Le Mali pourra également compter sur le soutien de la communauté internationale pour se redresser. Les 3,2 milliards d’euros de financements sur deux ans promis lors de la conférence des donateurs « Ensemble pour le renouveau du Mali », qui s’est tenue à Bruxelles le 15 mai dernier doivent permettre de répondre aux enjeux humanitaires et de relance économique du pays. La contribution de la France, à hauteur de 280 millions d’euros, témoigne de notre engagement.
Quels sont les atouts à disposition du Mali pour se relever ?
Au-delà de ses importantes ressources minières, dont l’exploitation devrait s’accroitre au cours des prochaines années, le secteur industriel poursuit une modernisation rapide. La reprise de l’aide internationale permettra également de financer d’importants programmes en matière d’éducation, de santé et de modernisation d’infrastructures. Ces grands chantiers seront à l’origine de créations d’emplois, mais également d’opportunités pour les entreprises françaises.
L’ouverture du Mali sur le monde constitue un atout considérable, notamment à travers sa diaspora qui reste très active pour mobiliser des capacités de financement de l’économie malienne.
Des crédits substantiels sont prévus pour le Mali dans le cadre européen, notamment au titre du 10e fonds européen pour le développement (2008-2013). Quels sont les domaines pour lesquels ces crédits ont été engagés ?
Les crédits prévus dans le cadre du 10e fonds européen pour le développement, de l’ordre de 533 millions d’euros, ont principalement été consacrés à l’aide budgétaire apportée au Mali, au développement d’infrastructures, à l’appui à la décentralisation au nord du pays, et au soutien à la réforme de l’État et du secteur public.

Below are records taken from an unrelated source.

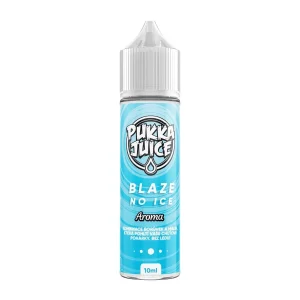 Příchuť Pukka Juice S&V: Blaze No Ice (Bobulovité plody bez ledu) 10ml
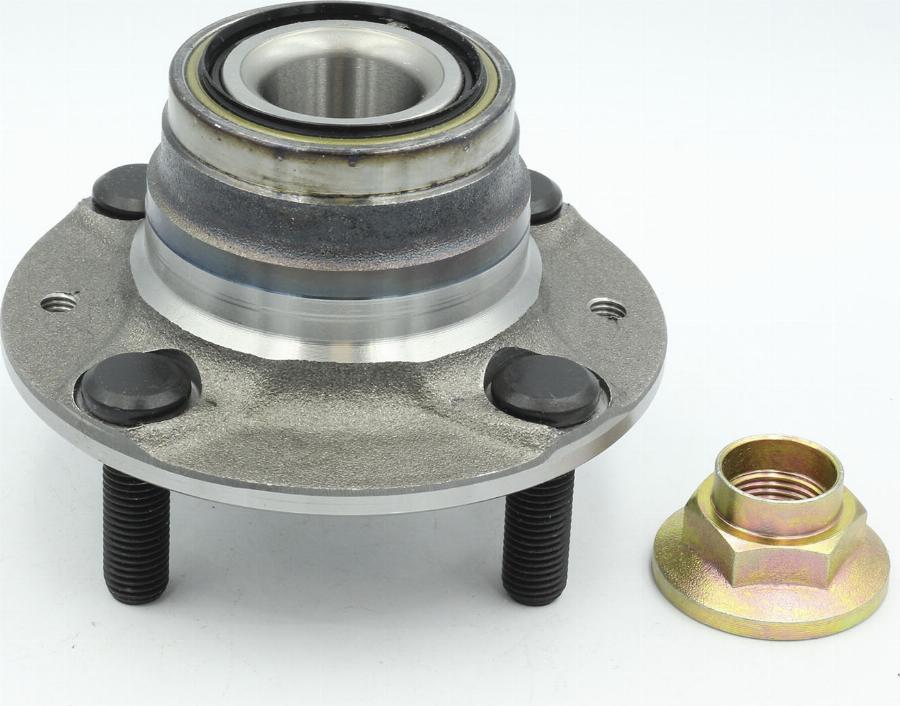 NFC NFH5779 - Комплект підшипника маточини колеса autocars.com.ua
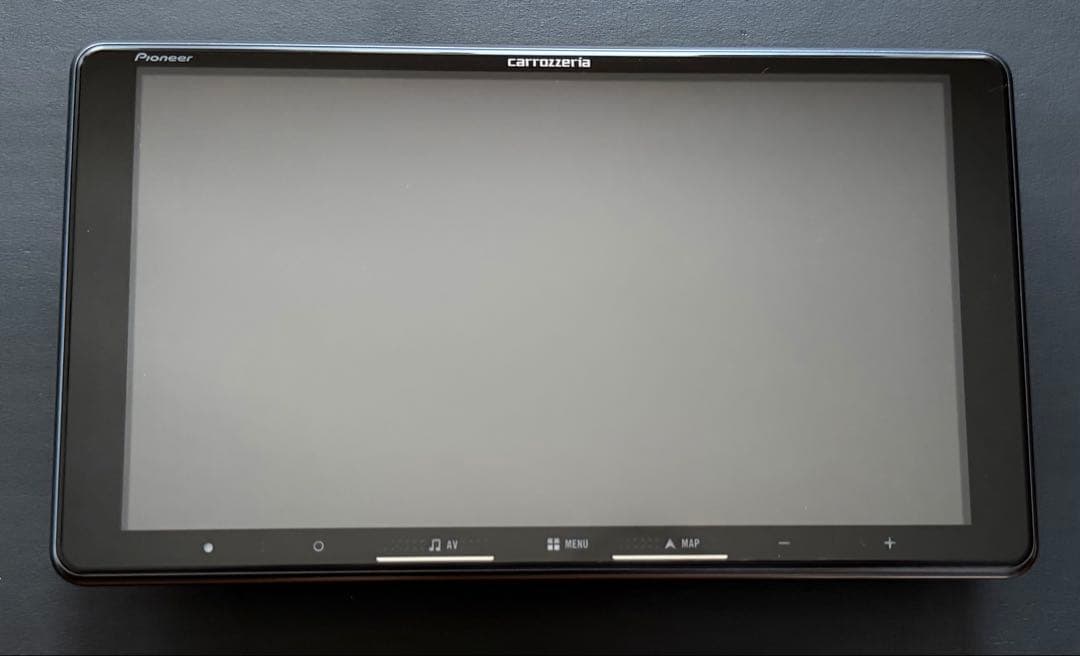 Pioneer カロッツェリアAVIC-RF722 フローティングナビ　9V型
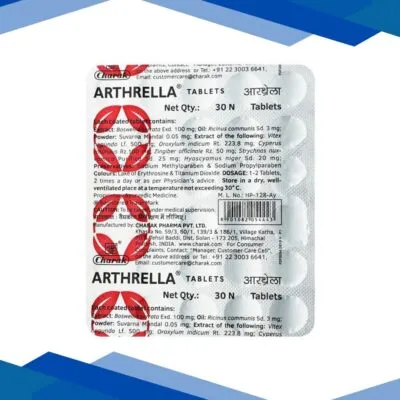 Arthrella Tablet 30’S
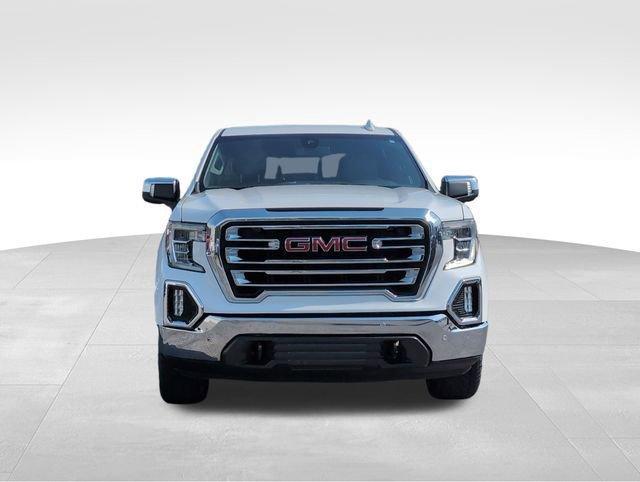 used 2021 GMC Sierra 1500 car, priced at $34,999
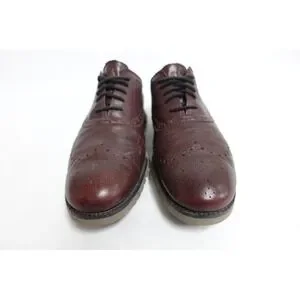 Cole Hann Mens Size 10 M XeroGrand Wingtip Oxford Burnished Leather C30279 Shoes Cole Haan ZeroGrand Remastered Wingtip Oxford (Men) | Nordstrom main image 3
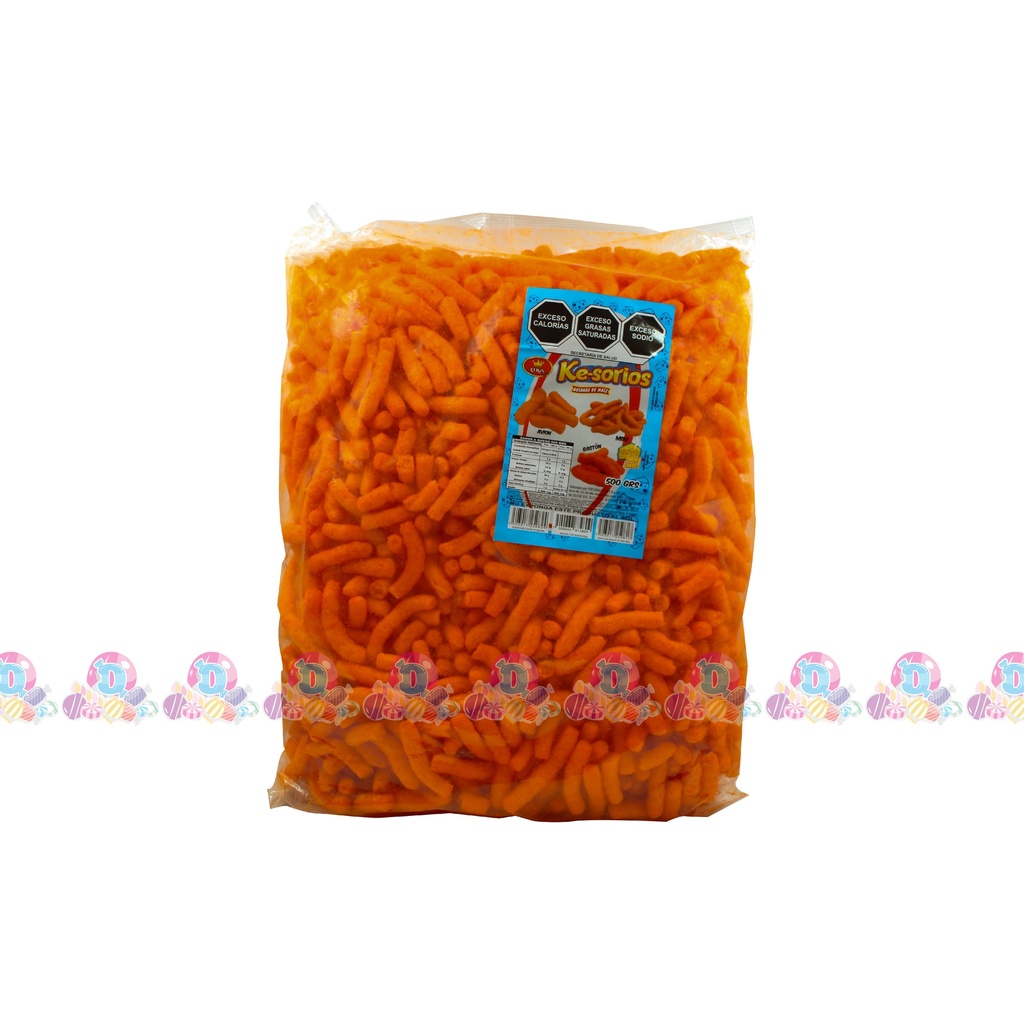 REY MINI QUESO 500g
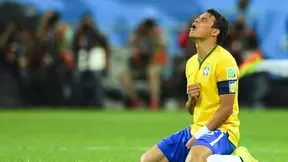 Coupe du monde Brésil 2014 - Thiago Silva : « Je gère mes émotions comme je le veux »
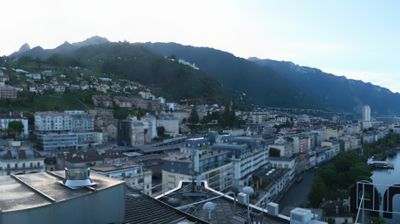 Montreux: Vernex: Montreux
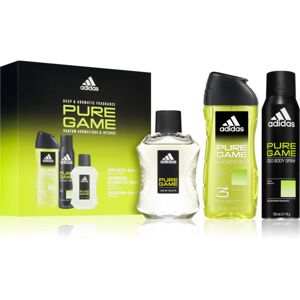 Adidas Pure Game Edition 2023 ajándékszett (testre) uraknak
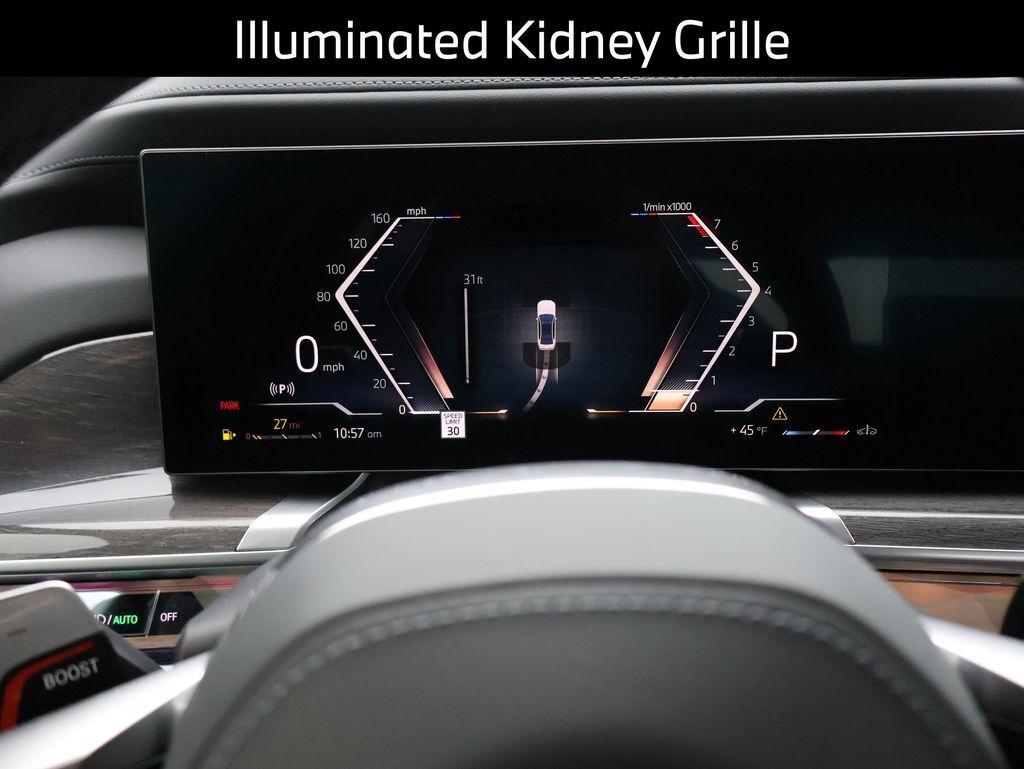 2026 BMW 7 Series 740i xDrive San Clemente CA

Le coup d’Etat avait entraîné un gel immédiat de la coopération européenne avec le Mali. A partir du mois d’avril, les progrès politiques sur le terrain ont cependant permis de reprendre l’aide de l’Union européenne. A cette occasion, un programme d’action annuel a été adopté pour un montant de 297 millions d’euros. Il se concentre sur :
- – l’aide budgétaire globale (225 millions d’euros, dans le cadre d’un contrat dit de consolidation de l’Etat) ;
- – des projets d’irrigation et d’assainissement (57 millions d’euros) ;
- – le programme d’appui au processus électoral (15 millions d’euros).
Par ailleurs, des financements complémentaires ont été mobilisés pour répondre en urgence aux besoins prioritaires liés à la crise. Outre l’aide humanitaire, 50 millions d’euros ont ainsi été engagés pour permettre le déploiement rapide de la force africaine de stabilisation.19,5 millions d’euros ont également été versés pour faciliter l’organisation des élections (2 millions d’euros), former et équiper en moyens de transport et de communication les forces de sécurité intérieure et la justice (12,5 millions d’euros) et permettre le retour des services sociaux de base au nord (5 millions d’euros).
Quels rôles joueront les partenaires que sont la France ou l’Union européenne dans le redressement du pays ?
C’est aux autorités maliennes démocratiquement élues qu’il appartient de redresser le pays. La forte mobilisation des Maliens lors du premier tour des élections présidentielles forme un signal positif. Il témoigne de leur volonté d’aller de l’avant et de tourner la page de la crise. Le président qui sera prochainement élu aura ainsi la responsabilité de répondre aux aspirations des Maliens, qui souhaitent pouvoir vivre en paix dans un pays prospère, réconcilié et durablement débarrassé du terrorisme et de la corruption.
La France, en concertation et en lien avec ses partenaires européens et l’UE, restera engagée aux côtés du Mali pour que la sécurité, l’état de droit et le développement du pays soient pleinement assurés.